● **Problem statement**: Reproduce exactly the run of lines that begins with the one containing "Gazzetta Matin Cosa" and ends with the last line of the records, omitting pictures.
Information shown: Begin
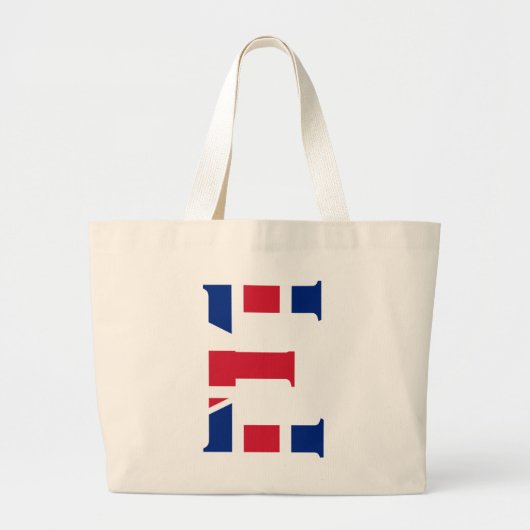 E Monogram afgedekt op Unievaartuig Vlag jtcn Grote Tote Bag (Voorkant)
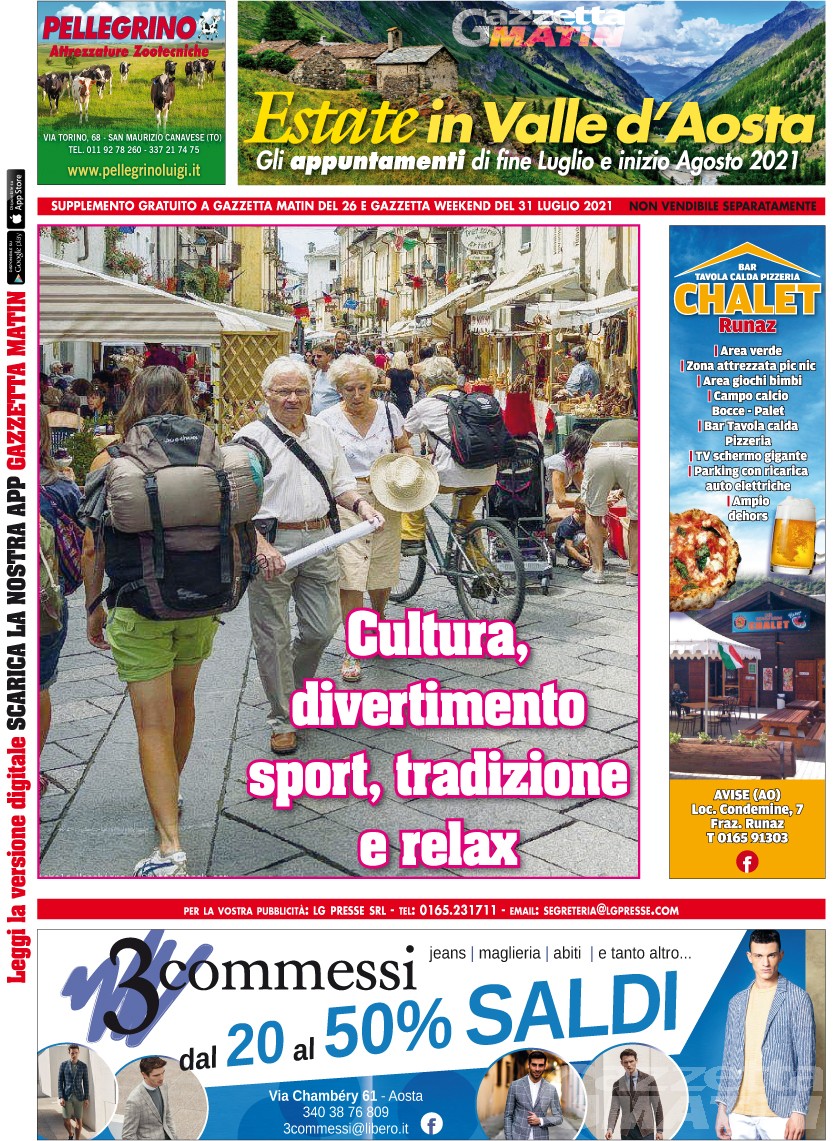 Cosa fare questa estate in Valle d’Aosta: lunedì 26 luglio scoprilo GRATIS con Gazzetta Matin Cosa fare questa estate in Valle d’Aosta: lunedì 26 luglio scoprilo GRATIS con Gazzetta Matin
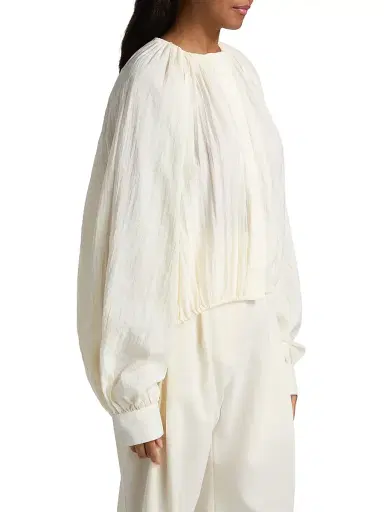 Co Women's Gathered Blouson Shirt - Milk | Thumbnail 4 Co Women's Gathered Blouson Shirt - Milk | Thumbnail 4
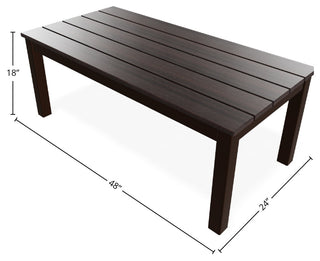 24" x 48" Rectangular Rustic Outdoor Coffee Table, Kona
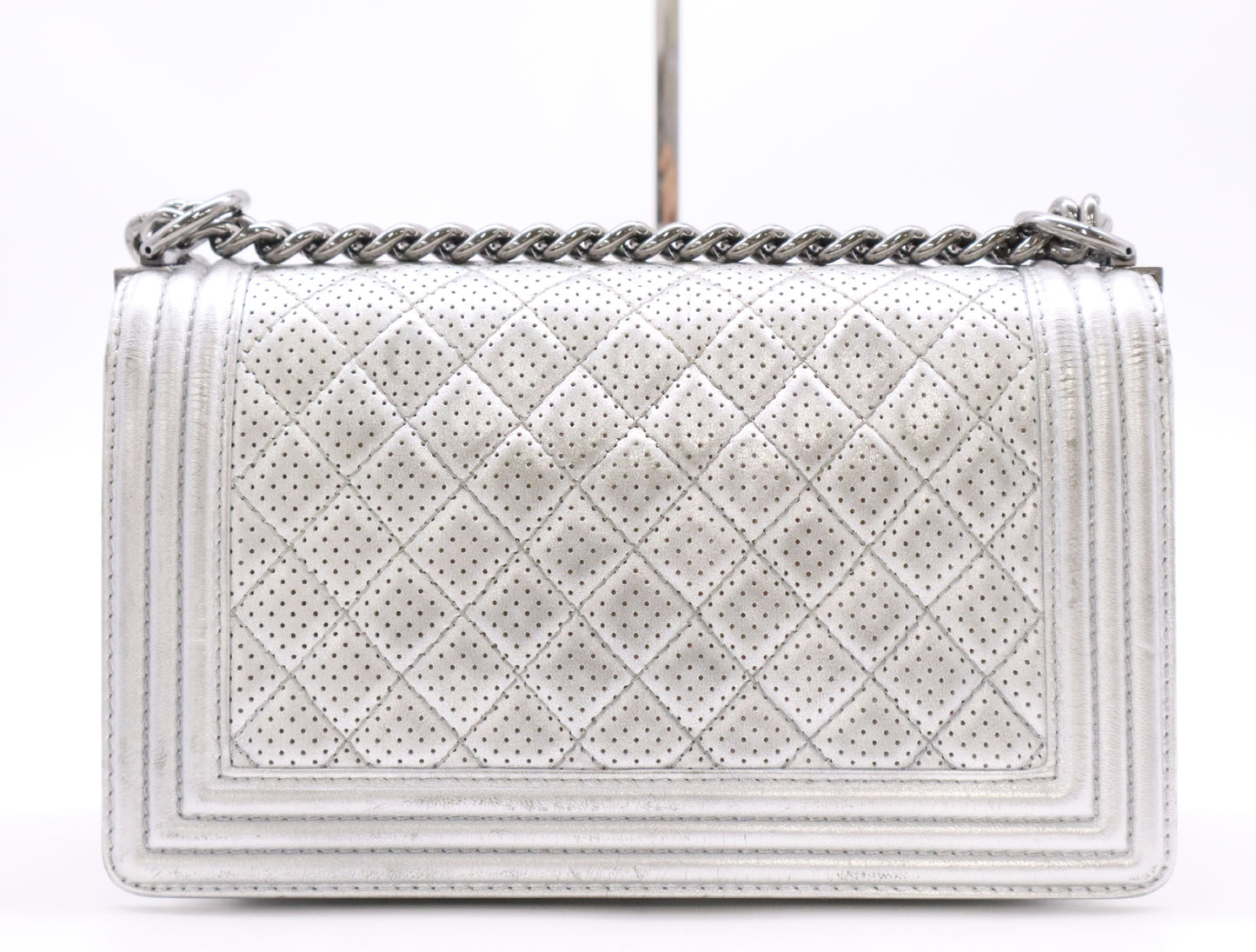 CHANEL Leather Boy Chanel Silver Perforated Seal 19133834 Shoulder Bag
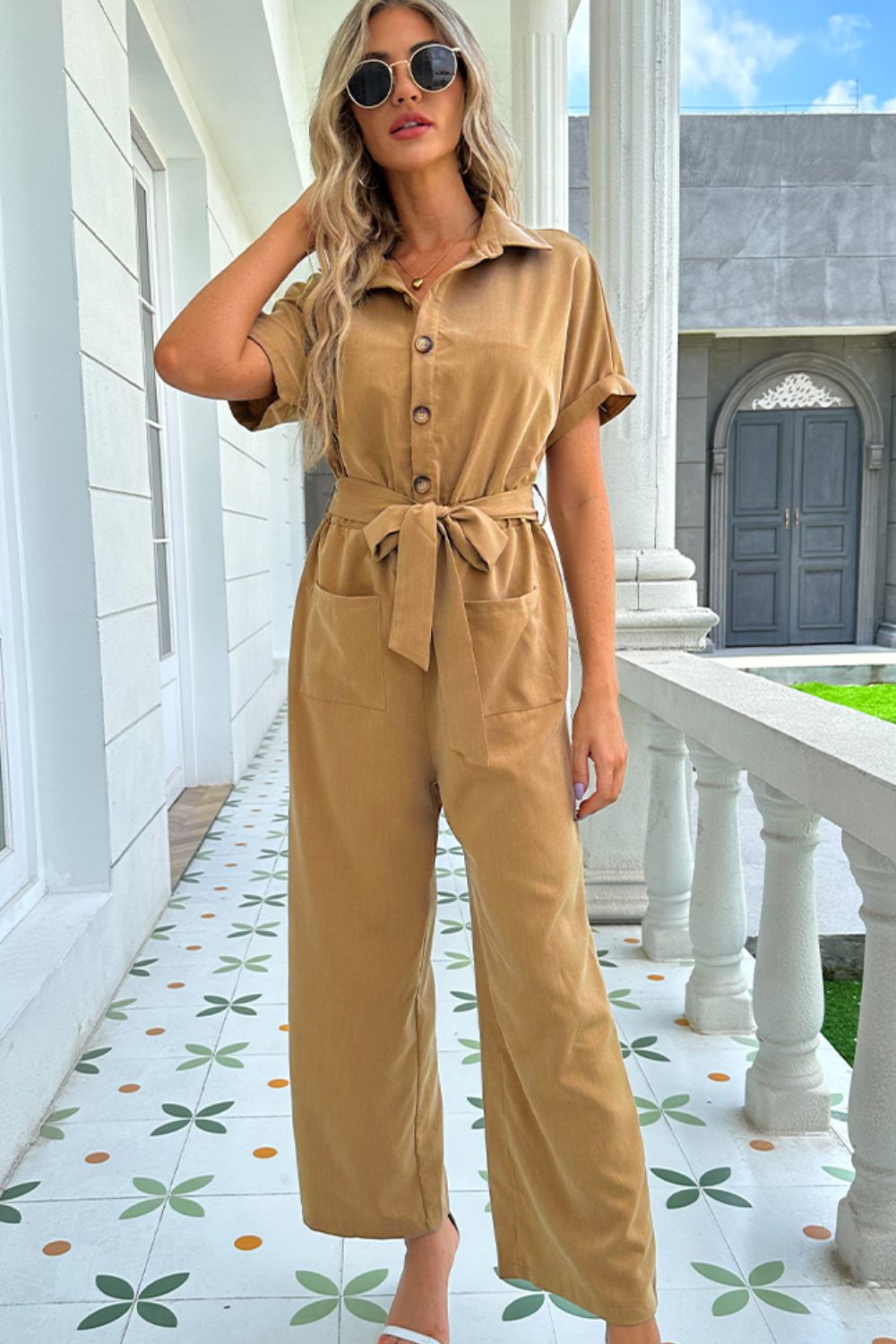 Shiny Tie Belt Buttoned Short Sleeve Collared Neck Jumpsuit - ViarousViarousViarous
Information shown: End
● **Your solution**:
 Cosa fare questa estate in Valle d’Aosta: lunedì 26 luglio scoprilo GRATIS con Gazzetta Matin Cosa fare questa estate in Valle d’Aosta: lunedì 26 luglio scoprilo GRATIS con Gazzetta Matin
 Co Women's Gathered Blouson Shirt - Milk | Thumbnail 4 Co Women's Gathered Blouson Shirt - Milk | Thumbnail 4
 24" x 48" Rectangular Rustic Outdoor Coffee Table, Kona
 CHANEL Leather Boy Chanel Silver Perforated Seal 19133834 Shoulder Bag
 Shiny Tie Belt Buttoned Short Sleeve Collared Neck Jumpsuit - ViarousViarousViarous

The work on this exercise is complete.